[About this exercise]: Below are the entries; determine how many of their lines contain the string "high" and give that figure alone.

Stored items
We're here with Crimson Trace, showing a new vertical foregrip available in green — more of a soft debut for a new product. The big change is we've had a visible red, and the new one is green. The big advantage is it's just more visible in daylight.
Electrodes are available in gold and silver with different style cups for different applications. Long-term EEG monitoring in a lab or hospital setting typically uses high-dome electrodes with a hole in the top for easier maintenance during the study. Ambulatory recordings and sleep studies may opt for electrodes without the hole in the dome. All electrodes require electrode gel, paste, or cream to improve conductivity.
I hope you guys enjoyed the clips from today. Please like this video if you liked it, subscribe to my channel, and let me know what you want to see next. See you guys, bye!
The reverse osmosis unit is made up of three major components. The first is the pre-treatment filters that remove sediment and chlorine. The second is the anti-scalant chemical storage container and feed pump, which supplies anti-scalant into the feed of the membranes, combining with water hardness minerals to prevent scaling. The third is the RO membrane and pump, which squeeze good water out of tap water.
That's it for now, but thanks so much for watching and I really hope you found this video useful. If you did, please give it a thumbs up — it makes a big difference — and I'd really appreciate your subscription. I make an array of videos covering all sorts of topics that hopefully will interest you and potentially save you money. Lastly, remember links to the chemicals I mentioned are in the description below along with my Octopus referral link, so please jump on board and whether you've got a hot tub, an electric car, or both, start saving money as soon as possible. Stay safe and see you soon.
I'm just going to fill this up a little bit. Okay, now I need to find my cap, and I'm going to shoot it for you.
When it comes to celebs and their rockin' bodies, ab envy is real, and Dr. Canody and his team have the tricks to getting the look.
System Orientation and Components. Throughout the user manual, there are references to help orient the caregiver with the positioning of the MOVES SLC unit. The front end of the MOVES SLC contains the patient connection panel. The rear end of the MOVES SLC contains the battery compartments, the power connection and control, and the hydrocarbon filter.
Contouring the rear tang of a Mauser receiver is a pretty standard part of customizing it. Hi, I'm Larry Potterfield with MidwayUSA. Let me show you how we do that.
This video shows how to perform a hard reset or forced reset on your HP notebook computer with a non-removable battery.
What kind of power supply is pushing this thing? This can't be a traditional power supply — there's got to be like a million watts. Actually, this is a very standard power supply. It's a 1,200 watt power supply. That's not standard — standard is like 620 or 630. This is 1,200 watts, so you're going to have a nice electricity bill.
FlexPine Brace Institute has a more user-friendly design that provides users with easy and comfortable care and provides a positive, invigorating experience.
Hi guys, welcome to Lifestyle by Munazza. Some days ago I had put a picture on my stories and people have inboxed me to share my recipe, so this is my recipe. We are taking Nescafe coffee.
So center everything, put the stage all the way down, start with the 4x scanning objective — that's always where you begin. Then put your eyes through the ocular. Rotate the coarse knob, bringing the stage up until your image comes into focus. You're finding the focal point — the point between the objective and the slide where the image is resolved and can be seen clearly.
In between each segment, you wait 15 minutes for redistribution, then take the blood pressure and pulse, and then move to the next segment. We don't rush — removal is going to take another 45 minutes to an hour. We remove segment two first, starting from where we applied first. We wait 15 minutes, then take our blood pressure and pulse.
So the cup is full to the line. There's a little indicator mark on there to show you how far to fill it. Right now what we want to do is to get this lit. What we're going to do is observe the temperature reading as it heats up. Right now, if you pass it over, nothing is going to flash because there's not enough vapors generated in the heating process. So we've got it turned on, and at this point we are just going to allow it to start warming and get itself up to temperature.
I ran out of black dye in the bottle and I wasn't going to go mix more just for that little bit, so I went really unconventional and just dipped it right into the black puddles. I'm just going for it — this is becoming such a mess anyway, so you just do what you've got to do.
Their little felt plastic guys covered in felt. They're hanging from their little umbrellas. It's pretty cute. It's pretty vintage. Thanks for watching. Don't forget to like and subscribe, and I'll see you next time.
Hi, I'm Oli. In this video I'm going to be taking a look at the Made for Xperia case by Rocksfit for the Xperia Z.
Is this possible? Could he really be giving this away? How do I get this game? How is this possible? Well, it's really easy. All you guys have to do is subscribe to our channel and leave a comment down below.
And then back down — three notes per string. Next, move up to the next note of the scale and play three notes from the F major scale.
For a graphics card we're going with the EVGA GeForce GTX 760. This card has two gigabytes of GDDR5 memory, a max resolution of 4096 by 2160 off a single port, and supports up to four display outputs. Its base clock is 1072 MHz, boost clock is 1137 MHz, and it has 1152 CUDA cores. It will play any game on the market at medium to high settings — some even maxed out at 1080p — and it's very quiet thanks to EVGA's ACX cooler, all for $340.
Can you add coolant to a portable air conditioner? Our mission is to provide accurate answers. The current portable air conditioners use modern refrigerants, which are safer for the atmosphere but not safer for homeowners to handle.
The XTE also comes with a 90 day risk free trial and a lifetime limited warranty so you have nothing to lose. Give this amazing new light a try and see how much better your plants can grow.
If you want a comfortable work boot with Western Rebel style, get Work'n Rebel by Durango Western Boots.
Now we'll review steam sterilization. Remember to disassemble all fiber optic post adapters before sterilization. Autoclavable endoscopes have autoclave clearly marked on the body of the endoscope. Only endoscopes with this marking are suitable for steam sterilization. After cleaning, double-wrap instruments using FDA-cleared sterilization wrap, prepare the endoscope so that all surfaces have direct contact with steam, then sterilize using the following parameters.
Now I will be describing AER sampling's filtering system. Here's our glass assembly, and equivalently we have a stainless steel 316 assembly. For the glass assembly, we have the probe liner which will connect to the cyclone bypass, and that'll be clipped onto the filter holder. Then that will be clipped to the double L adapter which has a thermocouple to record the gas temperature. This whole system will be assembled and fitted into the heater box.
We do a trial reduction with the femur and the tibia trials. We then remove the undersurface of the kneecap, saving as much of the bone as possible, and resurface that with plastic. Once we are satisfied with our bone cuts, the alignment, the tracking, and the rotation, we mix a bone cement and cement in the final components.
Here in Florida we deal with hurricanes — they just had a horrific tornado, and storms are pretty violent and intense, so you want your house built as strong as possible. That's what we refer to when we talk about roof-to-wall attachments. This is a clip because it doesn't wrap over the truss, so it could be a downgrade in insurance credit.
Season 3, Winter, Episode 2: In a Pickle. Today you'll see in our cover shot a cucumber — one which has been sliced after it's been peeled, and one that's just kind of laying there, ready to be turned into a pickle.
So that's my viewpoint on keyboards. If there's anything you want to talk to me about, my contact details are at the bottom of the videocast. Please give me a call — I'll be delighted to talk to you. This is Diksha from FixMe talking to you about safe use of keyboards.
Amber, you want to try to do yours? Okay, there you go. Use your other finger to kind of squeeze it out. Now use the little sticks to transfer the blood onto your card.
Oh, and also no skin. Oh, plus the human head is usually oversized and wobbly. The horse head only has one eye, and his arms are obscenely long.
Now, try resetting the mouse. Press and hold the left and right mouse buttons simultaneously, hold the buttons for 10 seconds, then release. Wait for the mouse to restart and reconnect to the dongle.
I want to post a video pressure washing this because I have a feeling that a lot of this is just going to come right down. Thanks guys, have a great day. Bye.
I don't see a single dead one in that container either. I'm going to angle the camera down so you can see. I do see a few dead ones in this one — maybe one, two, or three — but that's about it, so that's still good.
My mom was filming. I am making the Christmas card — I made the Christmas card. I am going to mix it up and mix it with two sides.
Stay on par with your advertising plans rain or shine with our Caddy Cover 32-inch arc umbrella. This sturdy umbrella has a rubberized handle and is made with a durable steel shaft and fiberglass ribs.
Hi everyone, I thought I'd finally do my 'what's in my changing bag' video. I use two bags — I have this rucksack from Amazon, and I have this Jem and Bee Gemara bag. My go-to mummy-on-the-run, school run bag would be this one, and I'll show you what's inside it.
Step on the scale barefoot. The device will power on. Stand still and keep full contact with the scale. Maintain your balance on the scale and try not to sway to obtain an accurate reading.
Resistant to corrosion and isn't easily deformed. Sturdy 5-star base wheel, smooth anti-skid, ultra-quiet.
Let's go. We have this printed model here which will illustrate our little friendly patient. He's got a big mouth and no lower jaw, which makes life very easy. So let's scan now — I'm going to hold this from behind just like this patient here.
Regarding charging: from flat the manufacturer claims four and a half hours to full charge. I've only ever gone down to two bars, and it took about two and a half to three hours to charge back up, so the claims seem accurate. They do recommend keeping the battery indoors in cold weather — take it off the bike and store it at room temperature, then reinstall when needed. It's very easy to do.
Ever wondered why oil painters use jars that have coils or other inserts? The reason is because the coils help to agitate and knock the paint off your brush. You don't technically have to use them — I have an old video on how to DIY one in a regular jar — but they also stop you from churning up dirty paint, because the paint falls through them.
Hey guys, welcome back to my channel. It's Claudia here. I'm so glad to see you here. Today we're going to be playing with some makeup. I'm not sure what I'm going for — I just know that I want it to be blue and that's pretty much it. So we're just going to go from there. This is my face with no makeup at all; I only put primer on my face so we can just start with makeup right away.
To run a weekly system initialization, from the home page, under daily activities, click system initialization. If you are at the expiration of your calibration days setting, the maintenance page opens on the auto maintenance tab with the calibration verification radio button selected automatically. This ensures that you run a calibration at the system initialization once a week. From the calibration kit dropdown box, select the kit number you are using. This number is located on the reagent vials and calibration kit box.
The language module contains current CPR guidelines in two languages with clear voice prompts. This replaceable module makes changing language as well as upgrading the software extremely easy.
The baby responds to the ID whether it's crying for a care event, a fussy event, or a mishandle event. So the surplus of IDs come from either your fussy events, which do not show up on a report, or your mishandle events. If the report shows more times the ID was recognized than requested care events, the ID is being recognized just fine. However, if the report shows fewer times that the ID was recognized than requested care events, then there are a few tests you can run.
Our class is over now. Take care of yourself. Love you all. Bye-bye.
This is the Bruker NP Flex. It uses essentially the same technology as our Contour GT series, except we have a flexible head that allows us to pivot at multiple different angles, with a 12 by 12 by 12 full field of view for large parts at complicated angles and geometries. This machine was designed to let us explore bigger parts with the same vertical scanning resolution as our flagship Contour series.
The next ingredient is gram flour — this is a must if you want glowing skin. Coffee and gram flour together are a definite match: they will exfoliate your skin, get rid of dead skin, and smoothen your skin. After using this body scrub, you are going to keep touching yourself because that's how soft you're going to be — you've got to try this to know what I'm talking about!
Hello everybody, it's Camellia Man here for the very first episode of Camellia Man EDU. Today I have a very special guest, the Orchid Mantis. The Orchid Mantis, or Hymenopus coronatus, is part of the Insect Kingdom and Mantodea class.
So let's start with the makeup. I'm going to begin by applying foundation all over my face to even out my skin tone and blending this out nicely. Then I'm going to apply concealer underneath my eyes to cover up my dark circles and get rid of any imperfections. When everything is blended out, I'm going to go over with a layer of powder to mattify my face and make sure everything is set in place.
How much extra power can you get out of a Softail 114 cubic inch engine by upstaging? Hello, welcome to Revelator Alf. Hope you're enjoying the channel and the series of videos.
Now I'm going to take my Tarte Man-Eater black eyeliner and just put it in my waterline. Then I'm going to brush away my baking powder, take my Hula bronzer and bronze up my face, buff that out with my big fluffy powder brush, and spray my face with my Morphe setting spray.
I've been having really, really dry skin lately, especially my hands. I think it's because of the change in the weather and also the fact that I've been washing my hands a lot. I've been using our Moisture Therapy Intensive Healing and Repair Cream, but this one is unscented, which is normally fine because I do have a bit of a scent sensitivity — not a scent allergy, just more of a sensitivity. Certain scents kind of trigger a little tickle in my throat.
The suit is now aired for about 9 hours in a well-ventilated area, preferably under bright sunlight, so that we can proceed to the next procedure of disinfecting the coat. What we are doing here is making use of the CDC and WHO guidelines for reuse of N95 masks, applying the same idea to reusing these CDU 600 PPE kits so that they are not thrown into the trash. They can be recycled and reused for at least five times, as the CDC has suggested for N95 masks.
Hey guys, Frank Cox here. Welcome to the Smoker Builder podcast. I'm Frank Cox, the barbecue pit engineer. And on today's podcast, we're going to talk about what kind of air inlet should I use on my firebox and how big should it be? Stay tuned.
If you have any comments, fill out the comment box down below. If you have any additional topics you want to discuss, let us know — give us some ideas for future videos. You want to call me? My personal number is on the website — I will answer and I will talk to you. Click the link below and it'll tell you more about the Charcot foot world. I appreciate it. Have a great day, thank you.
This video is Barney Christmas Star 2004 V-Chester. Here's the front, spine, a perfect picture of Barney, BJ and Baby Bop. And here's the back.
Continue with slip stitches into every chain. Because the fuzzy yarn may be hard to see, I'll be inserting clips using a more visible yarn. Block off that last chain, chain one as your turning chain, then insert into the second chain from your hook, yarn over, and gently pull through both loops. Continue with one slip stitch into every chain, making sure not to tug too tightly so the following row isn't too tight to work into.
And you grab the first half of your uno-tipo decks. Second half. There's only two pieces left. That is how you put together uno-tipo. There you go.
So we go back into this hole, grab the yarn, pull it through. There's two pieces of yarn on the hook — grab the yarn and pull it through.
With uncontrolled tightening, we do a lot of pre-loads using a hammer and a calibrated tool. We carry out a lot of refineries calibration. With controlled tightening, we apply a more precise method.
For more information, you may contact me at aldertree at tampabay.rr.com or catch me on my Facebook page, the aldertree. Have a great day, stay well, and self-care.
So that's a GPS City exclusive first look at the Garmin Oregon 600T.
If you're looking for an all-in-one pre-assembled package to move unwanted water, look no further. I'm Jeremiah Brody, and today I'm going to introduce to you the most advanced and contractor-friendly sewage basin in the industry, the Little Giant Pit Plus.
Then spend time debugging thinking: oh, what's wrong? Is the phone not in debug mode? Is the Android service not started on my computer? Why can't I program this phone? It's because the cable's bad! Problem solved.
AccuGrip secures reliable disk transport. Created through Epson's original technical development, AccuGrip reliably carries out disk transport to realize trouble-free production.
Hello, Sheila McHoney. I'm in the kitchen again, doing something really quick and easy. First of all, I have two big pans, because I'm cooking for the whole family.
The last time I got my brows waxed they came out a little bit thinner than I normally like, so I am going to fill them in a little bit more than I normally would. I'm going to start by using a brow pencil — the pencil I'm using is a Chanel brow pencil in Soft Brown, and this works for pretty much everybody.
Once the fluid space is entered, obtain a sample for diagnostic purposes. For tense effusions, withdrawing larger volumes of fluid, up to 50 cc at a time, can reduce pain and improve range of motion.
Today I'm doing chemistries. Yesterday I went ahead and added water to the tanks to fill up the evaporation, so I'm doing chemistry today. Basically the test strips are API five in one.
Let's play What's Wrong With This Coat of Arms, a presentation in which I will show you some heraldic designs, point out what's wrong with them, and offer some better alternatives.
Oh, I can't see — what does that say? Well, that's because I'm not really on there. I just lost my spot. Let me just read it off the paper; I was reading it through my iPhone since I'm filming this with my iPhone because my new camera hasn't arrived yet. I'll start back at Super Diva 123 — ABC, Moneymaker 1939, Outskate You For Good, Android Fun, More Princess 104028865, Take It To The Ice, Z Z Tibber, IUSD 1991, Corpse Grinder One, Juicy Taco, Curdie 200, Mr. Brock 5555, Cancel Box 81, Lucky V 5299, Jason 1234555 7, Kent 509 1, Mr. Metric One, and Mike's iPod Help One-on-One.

[Output of the exercise]: 2